[BioC] sum the values with same ID
Hervé Pagès
hpages at fhcrc.org
Thu Mar 6 23:17:22 CET 2014
Hi anonymous guest,
On 03/06/2014 01:43 PM, guest [guest] wrote:
>
> Dear R user,
Note that this is the Bioconductor mailing list.

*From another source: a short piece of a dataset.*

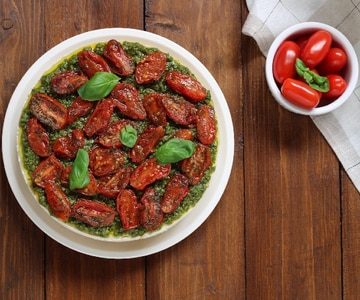 Cheesecake salada con pesto y tomatitos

Looks like your
question is a general question R question, not a Bioconductor
specific one.
>
> I have a matrix like:
>
> ID group1 group2 group3
> s1 0 2 3
> s2 1 0 4
> s1 3 4 1
> s4 2 2 0
>
> I would like to sum the values with same ID to have the matrix as below:
> ID group1 group2 group3
> s1 3 6 4
> s2 1 0 4
> s4 2 2 0
>
> I checked aggregate() may help to complete this job, but unfortunately I have the error message when I do this.
>
>> all.data <- read.csv("test.csv")
Note that 'all.data' is a data.frame, not a matrix.
>> aggregate(group1 ~ ID, data=all.data, FUN=sum)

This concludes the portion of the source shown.